I have a dataset of about 1500 different hospitals and about 40 characteristics for each hospital (e.g. floor area, number patients, type of hospital, age of building, etc.). I am interested in finding out which characteristics have the strongest impact on energy consumption in the hospital. The aim of the study is to suggest ways of reducing energy consumption in some of the hospitals. My initial thought was to perform a cluster analysis to cluster hospitals according to some basic characteristics like type/floor area/number of patients. I could then do a regression analysis separately for each of the 3 or 4 clusters identified to determine which of the remaining characteristics are most influential for each cluster. My reasoning behind this is that there are certain characteristics of a hospital which will definitely impact the energy consumption, but also unchangeable (e.g. kicking out a bunch of patients may reduce energy consumption but would generally be frowned-upon!).

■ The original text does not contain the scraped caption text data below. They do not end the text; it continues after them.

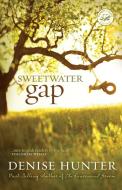 Sweetwater Gap di Denise Hunter edito da Thomas Nelson Publishers
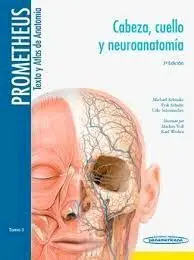 Prometheus. Texto y Atlas de Anatomía. Cabeza, Cuello y Neuroanatomia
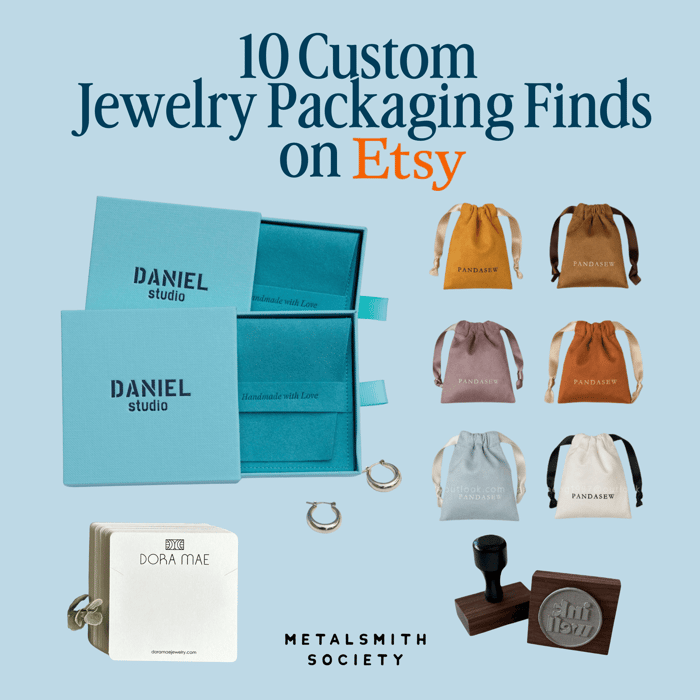 Text reads 10 Custom Jewelry Packaging Finds on Etsy at the top of the graphic and has a Metalsmith Society Logo at the bottom. The graphic depicts a custom branded jewelry box and bags, custom branded necklace car and a custom logo stamp.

Does this sound like a reasonable approach? Am I violating any statistical assumptions by first doing a cluster analysis and then following up with regression on each cluster? I realise I could just do a regression in the first place, but I suspect that the effect of any of the less obvious variables will be lost in the presence of the main variables.
Your suggestion is close to multi-level regression.
Find more explanation for example here:
The gist is that the population (in your case hospitals) is not homogeneous, but that there are subgroups (levels) that can be identified. Multi-level regression in practice allows for different models per group, and insight into the difference between groups.
The difference is that you will be forming the groups based on a cluster analysis.